To answer this question, several choices of the period over which the MWLs are computed are tested and validated. In the most straightforward implementation of model-based hydrodynamic leveling, the MWL differences are computed by averaging all water levels over the full simulation period (in this study, January 1993–January 2012). Using this strategy, for about 30% of all connections (40 out of 135) the absolute differences between observation- and model-derived MWL differences are \(\le 1\) cm. For two out of nine Wadden island tide gauges, the discrepancies are quite systematic. Except for tide gauge Nes, for each Wadden island tide gauge there are several connections for which the absolute difference between the observation- and model-derived MWL is \(\le 1\) cm.

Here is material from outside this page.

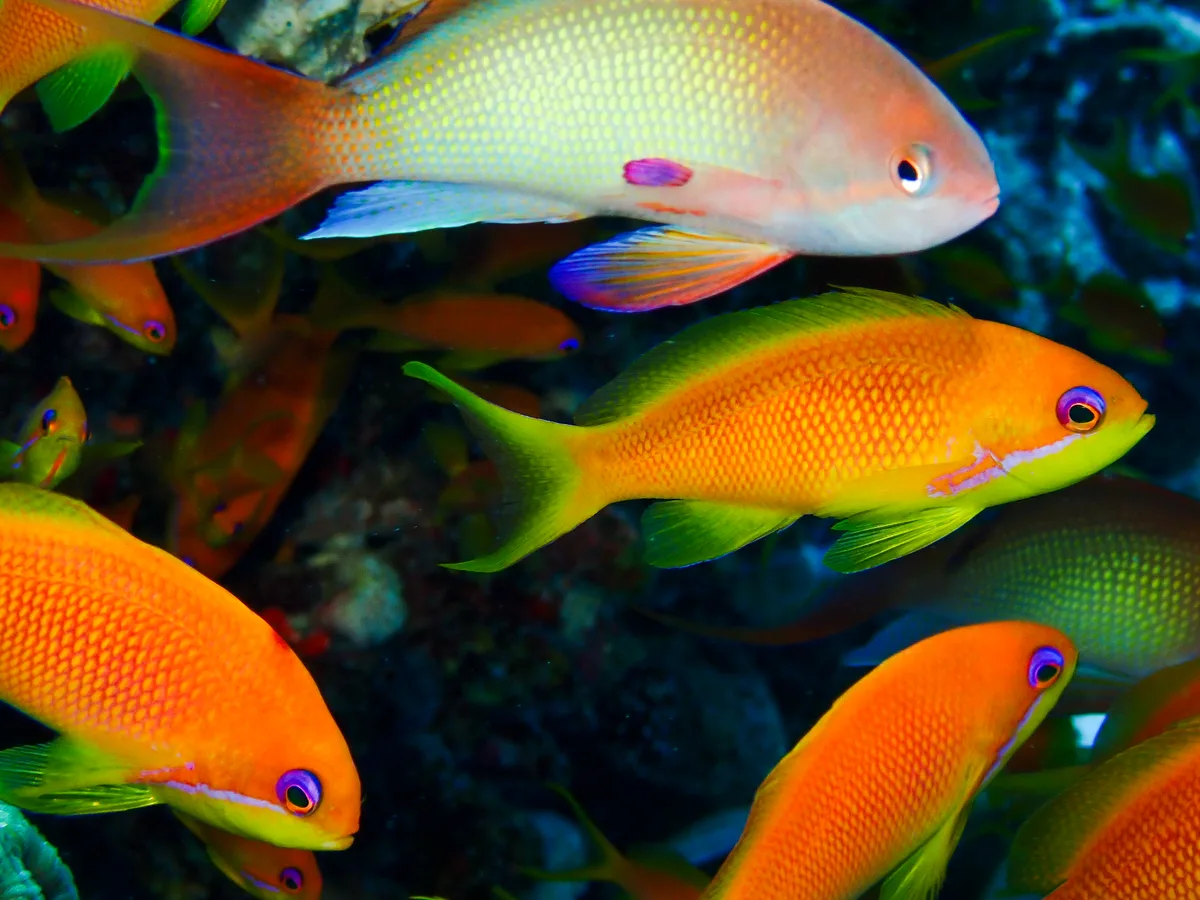 Lyretail anthias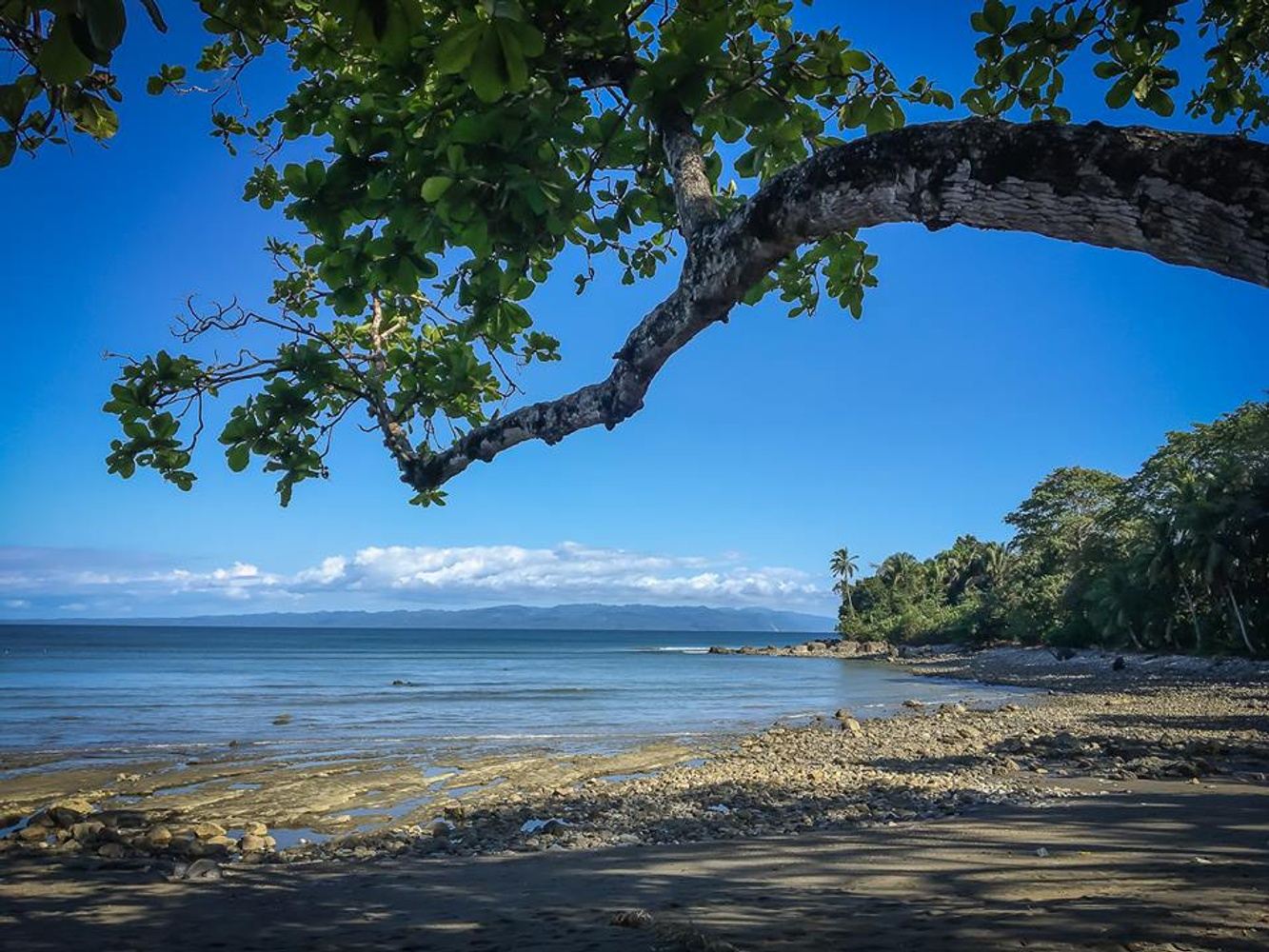 8 Days Forest & Ocean Front Yoga Adventure in Costa Rica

Next, we computed the MWL over the summer months of the 19-year simulation period only. Based on this strategy, the percentage of connections for which the absolute differences between the observation- and model-derived MWL differences are \(\le 1\) cm increases to about 34% (46 out of 135). In this case, for all Wadden island tide gauge there are several connections for which the absolute difference is \(\le 1\) cm.

Fig. 17
figure 17

Average number of connections to all Wadden island tide gauges for which the differences between the observation- and model-derived summer MWL differences are \(\le 1\) cm. Note that the maximum number of possible connections for all Wadden island tide gauges equals the total number of mainland tide gauges, i.e., 15

Finally, we investigated the impact of the period length over which the MWL is computed. The choice of this period length turns out to be important to the performance of model-based hydrodynamic leveling. We found that for all tide gauges the largest number of connections with differences \(\le 1\) cm is or can already be obtained when computing the summer MWL over a shorter time span than the full 19 years. At the same time, the “optimum” simulation period length is different for most tide gauges. A period length longer than 10 years seems to be the better choice.

Based on these results, we can answer the main research question positively. Whether or not the presented approach allows to achieve the same performance in other ocean areas remains to be investigated. Provided all input data are available, there are no intrinsic limitations that do not allow to apply the technique elsewhere. In our opinion, the results show that model-based hydrodynamic leveling has a great potential. In a future work, we will develop and apply a hydrodynamic model that resolves all relevant 3D physical processes (including freshwater discharge). We believe that this will further improve the quality of the data and allows to include even more tide gauges. In addition, we will apply the technique to cross the North Sea in order to strengthen the United European Leveling Network that is used to realize the European Vertical Reference System. The strengthening will improve the accuracy of a realization of this system, which is specified by INSPIRE as the height reference system for pan-European geo-referencing.